Nicolas Sarkozy : le retour du déterminisme génétique
par Bertrand Lemaire
mardi 10 avril 2007
Si l’ex-ministre de l’Intérieur horrifie François Bayrou, il est surprenant qu’aucun autre candidat n’ait apporté de commentaire sur une « sortie » idéologique forte de Nicolas Sarkozy.
Il y a des concepts qui devraient avoir disparu à la fois parce que
l’expérience a démontré qu’ils étaient faux mais aussi parce que leur
application a, dans le passé, provoqué les pires horreurs de l’histoire
humaine. Le déterminisme génétique de l’être humain fait partie de
ceux-là.
Il y a des mots qui, aujourd’hui, comme "terrorisme" ou
"pédophilie", abolissent toute raison, c’est vrai. On en arrive à des
dialogues surréalistes, par exemple : "Mais il faut accepter la torture
sur des terroristes/pédophiles pour les faire avouer !", "Mais s’ils
n’avouent pas et qu’il n’y a pas de preuve, c’est qu’ils sont peut-être
innocents", "Ca serait ta fille qui aurait été violée et ta femme
déchiquetée dans l’attentat, tu ne serais pas avec ces ordures", "Mais
s’ils sont innocents, ce ne sont pas des ordures...", "Qu’on les fasse
avouer ! Qu’on les égorge !", etc.
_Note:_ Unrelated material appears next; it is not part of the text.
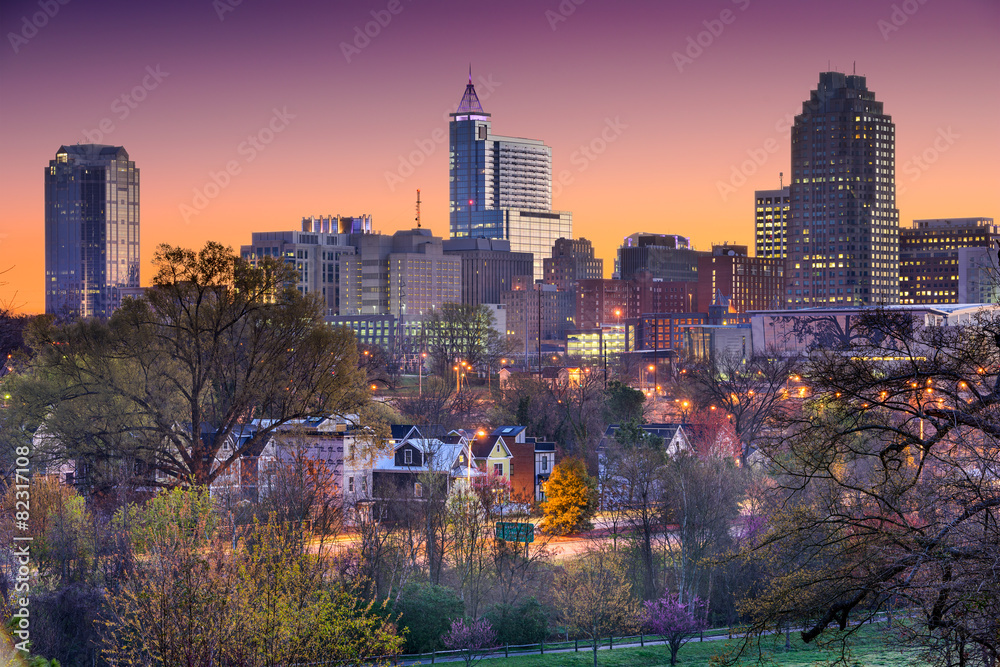 Raleigh, North Carolina, USA Skyline - obrazy, fototapety, plakaty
L’affaire d’Outreau a été
exemplaire dans ce mécanisme.
Mélangez les deux, ajoutez un zeste de démagogie et une bonne dose d’ambition personnelle démesurée, vous obtiendrez la dernière sortie de Nicolas Sarkozy sur les pédophiles et les suicidaires. Cette prise de position en a horrifié François Bayrou. Je suis peiné qu’aucun autre candidat n’ait réagi.
Pour résumer la position de l’ex-ministre de l’Intérieur, un pédophile ou un suicidaire ne doivent leur condition qu’à un fond génétique hérité de leurs parents. On comprend mieux, maintenant, l’acharnement de Nicolas Sarkozy à vouloir détecter les futurs délinquants potentiels dès l’école maternelle pour, sans doute, tout de suite les envoyer en prison... Enfin, soyons humains, dans une prison (réelle ou chimique) adaptée à leur condition et leur âge.
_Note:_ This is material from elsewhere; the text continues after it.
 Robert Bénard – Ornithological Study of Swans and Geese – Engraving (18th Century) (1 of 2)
En toute bonne logique, il faudrait prévenir plutôt que guérir. Si le déterminisme génétique est juste, alors il faudrait, plutôt que de faire supporter la charge de futurs délinquants à la société, procéder à des avortements civiques. Et, comme cela coûte cher, l’idéal serait de stériliser les personnes à risques.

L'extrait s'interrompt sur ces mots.